I binari della Rete ferroviaria italiana, meglio nota come Rfi, fanno gola a Matteo Salvini, che al prossimo giro di nomine vuole far pesare il ruolo da ministro delle Infrastrutture. I vertici aziendali sono infatti in scadenza e il leader della Lega ha spedito l’avviso di sfratto. A un mese dall’insediamento ha lanciato siluri contro il management di una delle società più importanti del gruppo Ferrovie dello Stato. «Spesso non mancano i soldi, ci sono ma non si spendono. C’è un piano di interventi finanziati da Rfi fermo, c’è qualcosa che non funziona in Rfi: ci sono i soldi ma non i progetti», ha aggiunto, puntando il dito anche contro Anas: «Ci sono 23 progetti Anas fermi sulla carta». Insomma, ha assestato il più classico dell’uno-due. Ma se per Rfi il progetto salvianiano è più semplice, per la società che gestisce la gran parte della rete autostradale la missione è più complicata. Ma andiamo con ordine.

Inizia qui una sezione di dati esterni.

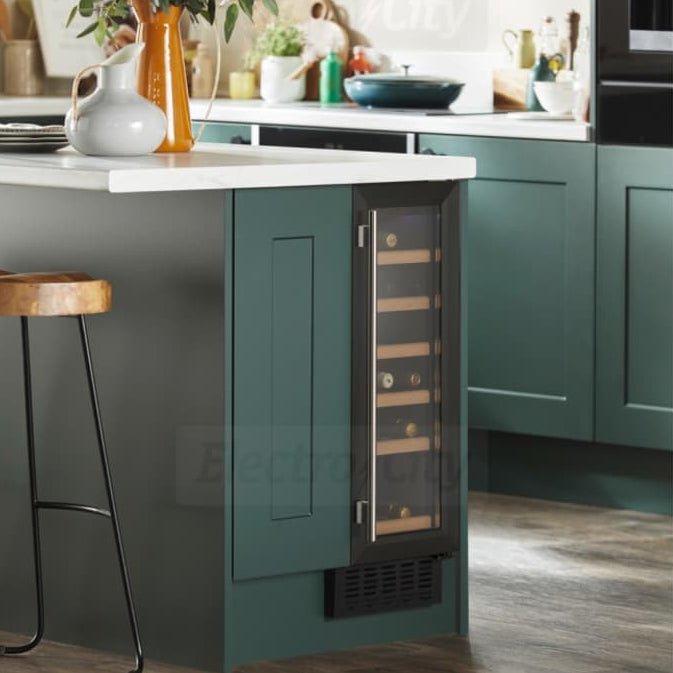 CDA 20 Bottle 30cm Wine Cooler - Black | CFWC304BL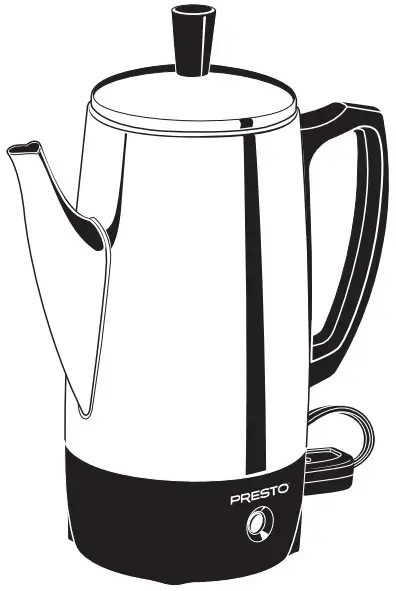PRESTO 6 Cup Stainless Steel Coffee Maker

L’opa di Salvini sulle infrastrutture
Non è un mistero che Vera Fiorani, attuale amministratrice delegata di Rfi, non sarà rinnovata. Nell’ambiente viene confermata da settimane. Il suo insediamento è avvenuto con il governo Conte bis grazie alla sponsorizzazione dell’allora ministra, la dem Paola De Micheli. Una macchia indelebile per il nuovo esecutivo che vuole imprimere un’accelerazione sulla gestione delle infrastrutture. Ed è fondamentale in questo senso controllare da vicino Rfi, che è considerata la “cassaforte” del gruppo per l’importanza che riveste dal punto di vista degli investimenti.
Salvini punta perciò alla sostituzione di Fiorani e nel repulisti rientra inevitabilmente anche la presidente Anna Masutti, all’epoca benedetta dal Movimento 5 Stelle. Difficile fare nomi dei possibili sostituti, almeno oggi, perché da qui alla primavera passerà parecchia acqua sotto i ponti. Ma non è escluso che il ministro in carica possa optare per Marco Piuri, attualmente al comando di Trenord, la società di trasporti lombarda. Per lui sarebbe una promozione, per il presidente della Regione Lombardia, Attilio Fontana, impegnato in campagna elettorale, ci sarebbe la grande soddisfazione di aver proiettato il manager in un’orbita nazionale. Ma sono solo voci che circolano, in linea con la lombardizzazione della Lega, che ha tutti ministri lombardi nella squadra di governo.
Clima teso nelle aziende
Il clima, secondo quanto raccontano a True-news.it, è comunque molto elettrico all’interno della società: c’è la consapevolezza di una serie di possibili avvicendamenti anche al livello dirigenziale. Ma gli appetiti leghisti possono andare anche oltre, guardando a Trenitalia, altra società di Ferrovie. Al vertice c’è oggi Luigi Corradi, anche lui appesantito da una nomina legata al Conte bis. Dalla sua parte, tuttavia, c’è la provenienza territoriale: è ligure come Edoardo Rixi, il vice di Salvini al Ministero e da tutto visto come la figura chiave nelle politiche della Lega in materia di trasporti.
Da definire pure il futuro di Luigi Ferraris, attualmente alla tolda di comando della holding, Fs. Fortemente voluto dall’ex presidente del Consiglio, Mario Draghi, ha preso il posto di Gianfranco Battisti. Il suo arrivo ha coinciso con un profondo cambio della struttura interna, una vera draghizzazione di Ferrovie. Al momento è difficile immaginare che possa restare in sella, visti anche i rapporti tra il numero uno leghista e l’ex premier.
L’assalto di Salvini ad Anas
Diverso, invece, il discorso per Anas per cui è necessaria una fase di coabitazione: Aldo Isi è stato nominato solo nel dicembre 2021 dopo l’esperienza in un’altra società del gruppo, la Italferr, anche in questo caso sotto l’egida draghiana. La scadenza del suo mandato non è quindi imminente, quindi – per dirla con Salvini – se qualcosa continuerà a non funzionare, bisogna trovare il modo di evitare lo scontro. A meno che il ministro non cerchi proprio per quello per forzare il cambio della guardia ai vertici.